With speculation about their futures dominating the media in the lead up to the Belgian race, BMW Sauber’s Nick Heidfeld and Toro Rosso’s Sebastien Bourdais had something to prove at Spa-Francorchamps this weekend. And during Sunday’s thrilling race, Heidfeld and Bourdais both showed their respective teams what they can do - even though it will be the German who leaves Spa the happier man.

Heidfeld, who had qualified fifth, enjoyed a great start, but after making contact with McLaren’s Heikki Kovalainen soon after, dropped down the field and thought his chances were over. But when the rain began to fall, a quick pit stop to take on wet tyres proved a wise move as he quickly scythed his way up the order to finish an impressive and unexpected third.

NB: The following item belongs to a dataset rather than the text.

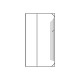 Rebord clayette verre pour refrigerateur Rex 221121403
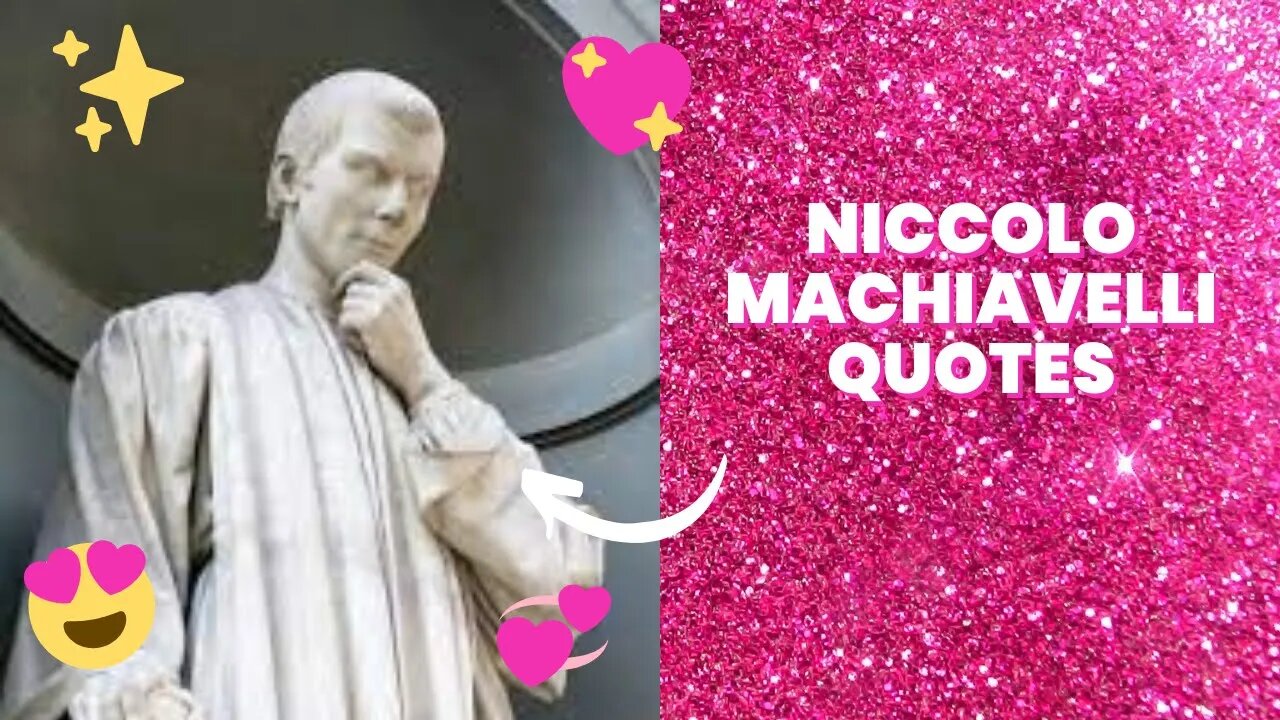 niccolò machiavelli quotes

“I had a fantastic race weekend and I am very happy today,” he enthused. “At the start I got off better than the guys in front of me. Then I decided to go for the outside line, but unfortunately Heikki Kovalainen crashed into my car. This can happen, and I was lucky my car wasn't damaged. Of course I lost a lot of places. Later on in the race I was able to get some back, but then I got stuck in traffic.

“When the drizzle set in I was convinced it would be heavier on the next lap and decided to change to wet weather tyres. The team asked me if I meant what I said. When I left the pit lane after the stop I asked on the radio how many laps to go, and my engineer said this one and another one. As I couldn't see any cars on the track I thought, oh this was probably the wrong decision, but then it paid off. It was a 'Hero or Zero' decision."

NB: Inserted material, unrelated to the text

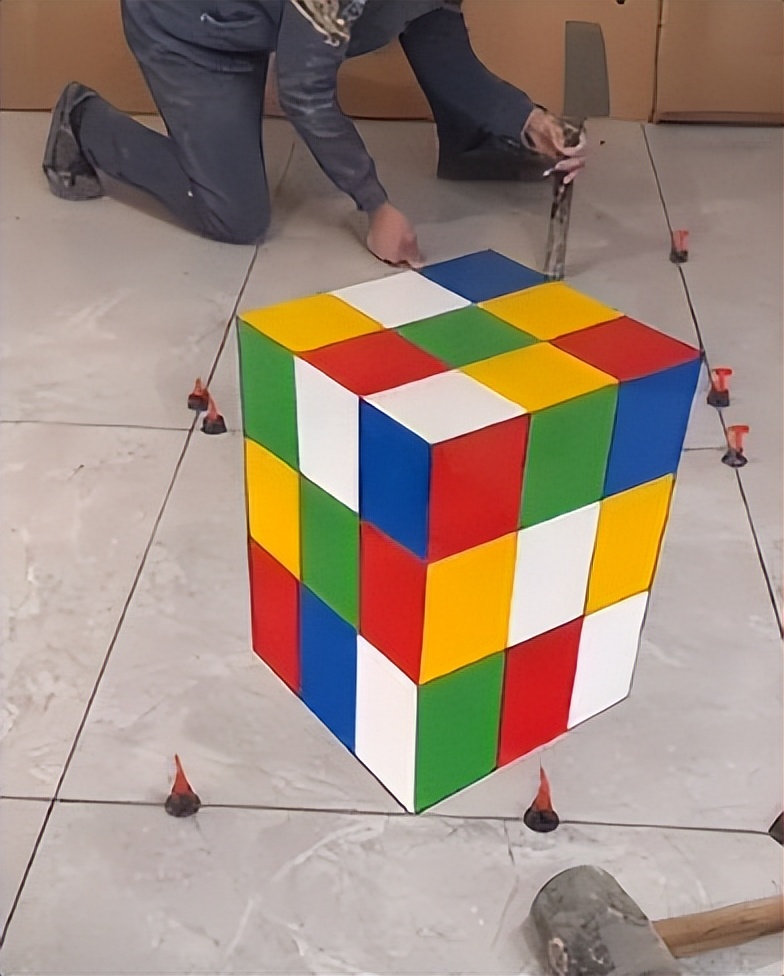 小安哥花式铺瓷砖,小安哥花式贴砖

In contrast, Bourdais had enjoyed a great race until the rain arrived, running in contention for the final podium place. However, the Frenchman opted to stay out on the wet track with dry tyres and, with the treacherous conditions demanding a slower pace, Heidfeld was able to sneak past. In the race’s dying moments Bourdais also lost places to team mate Sebastian Vettel and BMW Sauber’s Robert Kubica and eventually finished in seventh.

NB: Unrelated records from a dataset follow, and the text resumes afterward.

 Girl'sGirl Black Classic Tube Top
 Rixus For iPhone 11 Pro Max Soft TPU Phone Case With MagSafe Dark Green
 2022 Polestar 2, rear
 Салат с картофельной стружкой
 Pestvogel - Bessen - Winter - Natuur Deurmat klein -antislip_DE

“On the last lap it was a lottery with the car getting away from you with every turn of the wheel,” he said. “It’s a horrible situation, as everything had been under control up until then. But I am not in a situation where I can risk everything and at the end of the race I didn’t even know where I finished. It was so close to being a great result I felt I could almost touch it and so it was a very frustrating way to finish what was a great weekend up to that point. Such a shame, but nevertheless a very strong result for the team.”

Despite his despair, Bourdais’ seventh place, combined with Vettel’s fifth, boosted Toro Rosso’s tally to 17 points to put the Italian team level with Williams in the standings. Meanwhile, with Heidfeld’s third place and Kubica’s sixth, BMW Sauber picked up a healthy nine points to further consolidate their third in the championship.